Les Moretti sont arrivés à 8 heures (06h00 GMT) dans un véhicule de police banalisé et ont accédé à l’auditorium par une entrée distincte, sans répondre aux questions des journalistes. Leurs avocats ont également gardé le silence. Les familles des victimes et les rescapés ont la possibilité d’assister aux auditions.

Laetitia Brodard-Sitre, dont le fils de 16 ans a perdu la vie dans le drame, a été présente à cette audience, vêtue de blanc et portant une photo de son fils Arthur. Elle a exprimé sa colère, déclarant : « Sans le savoir, nous avons mis nos enfants dans un établissement qui n’était pas aux normes au niveau sécuritaire. » Elle a déploré que les Moretti « sont dans la victimisation » pendant l’audition. « Comment voulez-vous qu’on réagisse à cela, nous les parents, qui chaque jour, allons sur la tombe de nos enfants ? » a-t-elle ajouté.

Après des auditions séparées en février, les Moretti comparaissent pour la première fois depuis. L’audition de Jacques Moretti, prévue le 7 avril, avait été reportée après la soumission de certificats médicaux par ses avocats. De nombreux avocats des parties civiles ont noté que le couple avait largement eu le temps de se concerter avant l’audience commune de ce vendredi. « C’est un couple qui fait ménage commun, on est à l’Everest de la collusion. […] Il y a de fortes chances que le récit soit accordé », a fait remarquer maître Gilles-Antoine Hofstetter.

Les deux propriétaires ont été entendus à deux reprises depuis le début de l’enquête pénale les ciblant. Jacques Moretti a été placé en détention provisoire le 9 janvier, puis libéré le 23 après le paiement d’une caution de 200.000 francs suisses (220.000 euros). Comme sa femme, il a ensuite fait l’objet de « mesures de contrainte ».
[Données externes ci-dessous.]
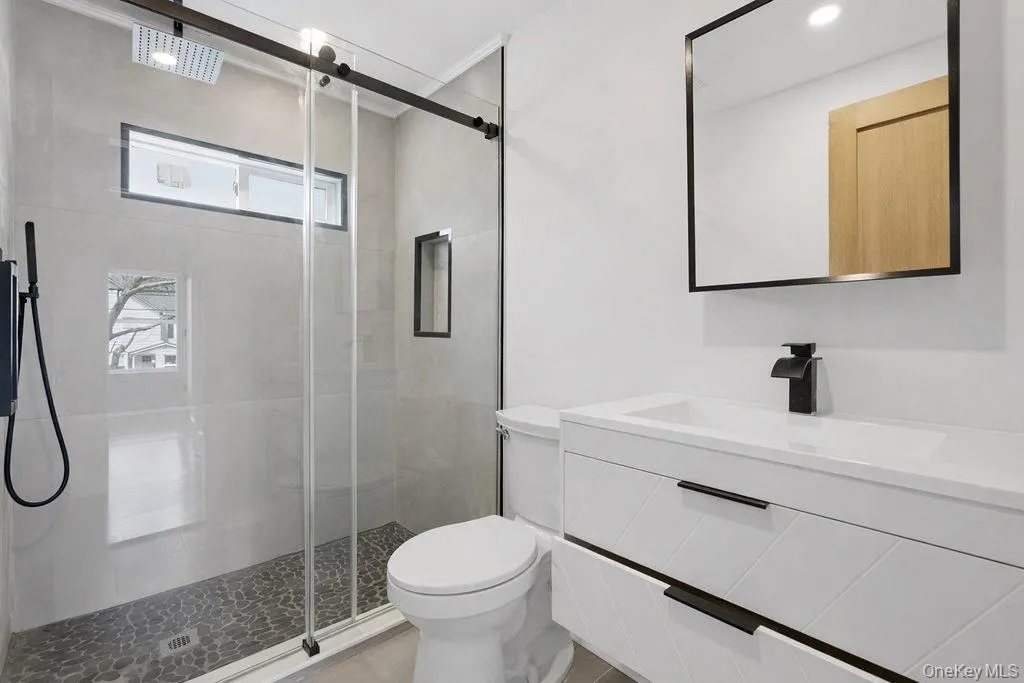 80 Swezey Street, Brookhaven, NY, 3 Bedrooms Bedrooms, 8 Rooms Rooms,2 BathroomsBathrooms,Residential,For Rent,Swezey,0,980192 80 Swezey Street, Brookhaven, NY, 3 Bedrooms Bedrooms, 8 Rooms Rooms,2 BathroomsBathrooms,Residential,For Rent,Swezey,0,980192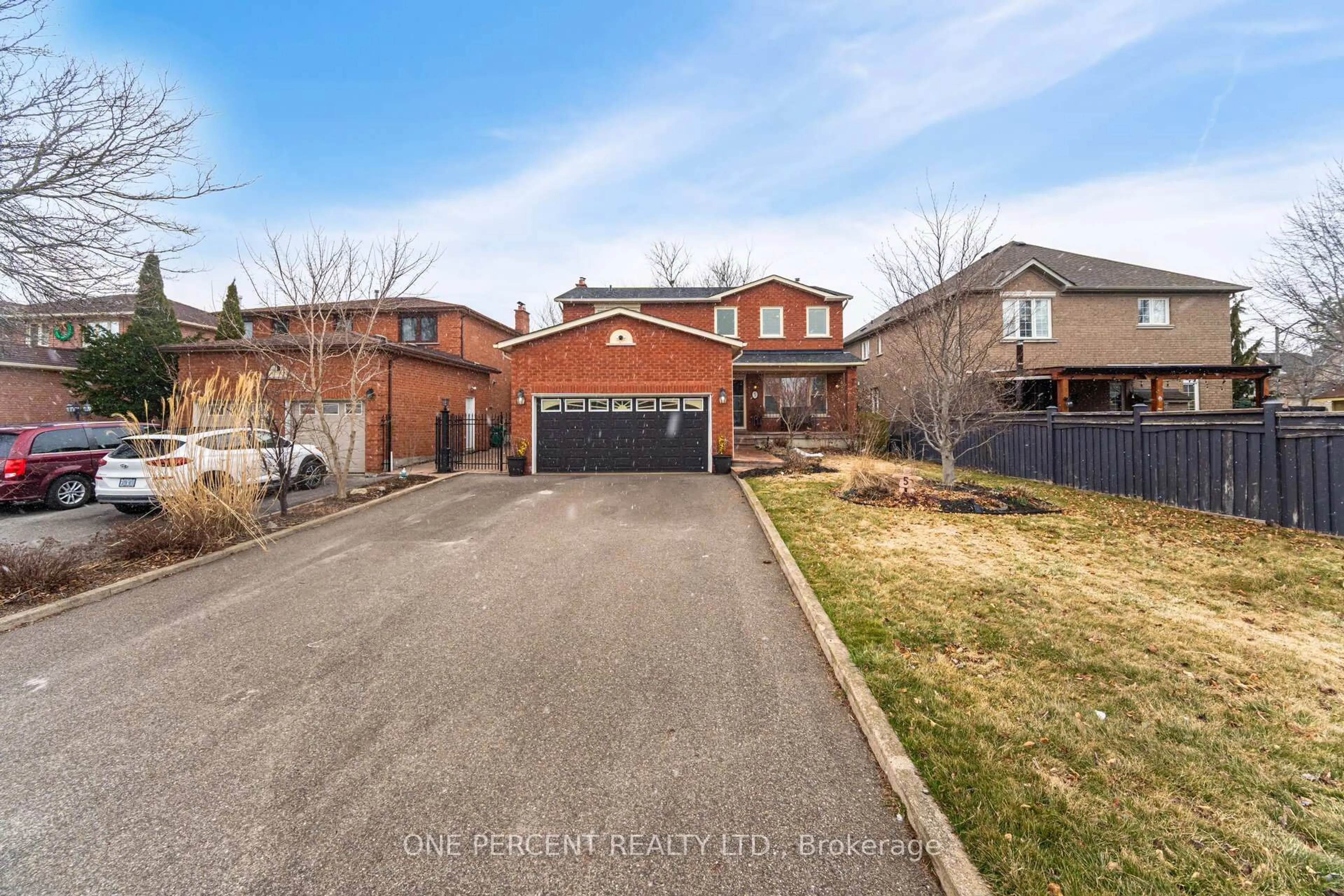A pic from outside/outdoor area/front of a property/back of a property/a pic from drone, street for 5 Bowes Crt, Caledon Ontario L7E 1A5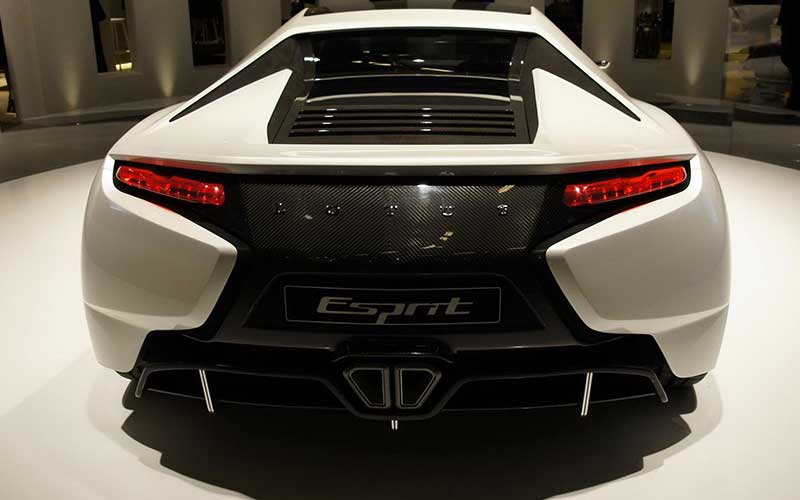 آیا ابرخودروی برقی لوتوس جانشین بوگاتی شیرون میشود؟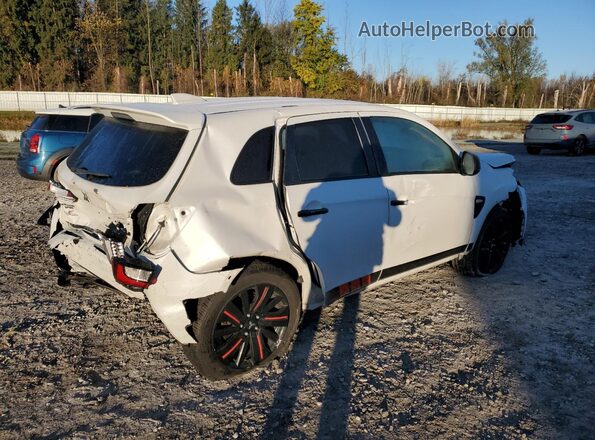 JA4APUAU9MU014030 2021 MITSUBISHI OUTLANDER White Trasero derecho
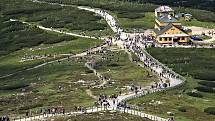 Krkonoše jsou v těchto dnech plné turistů. Krkonošský národní park patří mezi nejvytíženější národní parky v Evropě a jeho návštěvnost stále roste.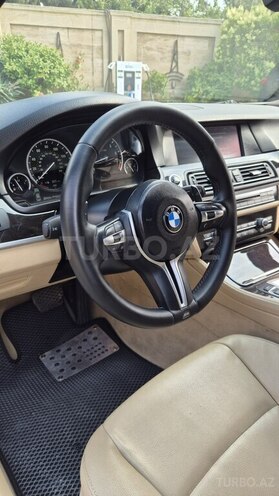 BMW 528 2011, 285,000 km - 2.0 л - Bakı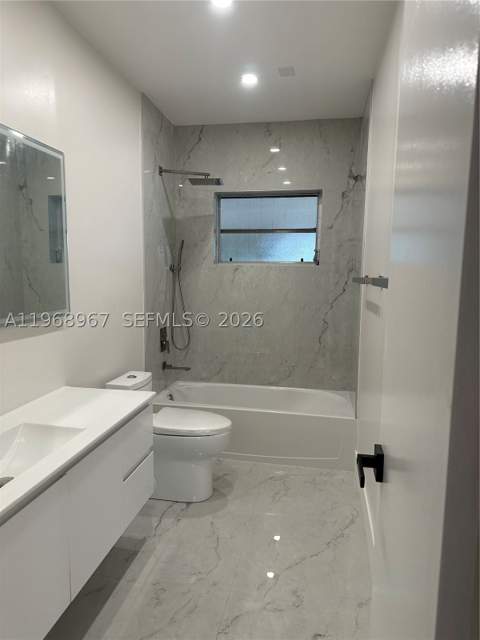 15200 SW 109 ave, Miami FL - photo 10 of 14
Parmi les 14 personnes visées par l’instruction pénale se trouvent plusieurs élus et employés actuels et anciens de la commune, dont les responsables ont reconnu juste après le drame l’absence de contrôles en matière de sécurité et d’incendie dans le bar depuis 2019. En plus d’établir les possibles responsabilités de la commune, l’enquête doit examiner les mesures de prévention incendie prises par les propriétaires et reconstituer le déroulement exact de l’incendie.

« On veut qu’ils reconnaissent leurs torts, leurs erreurs », a déclaré maître Didier Elsig, un autre avocat des parties civiles, tout en soulignant que cette confrontation intervient « bien tard ».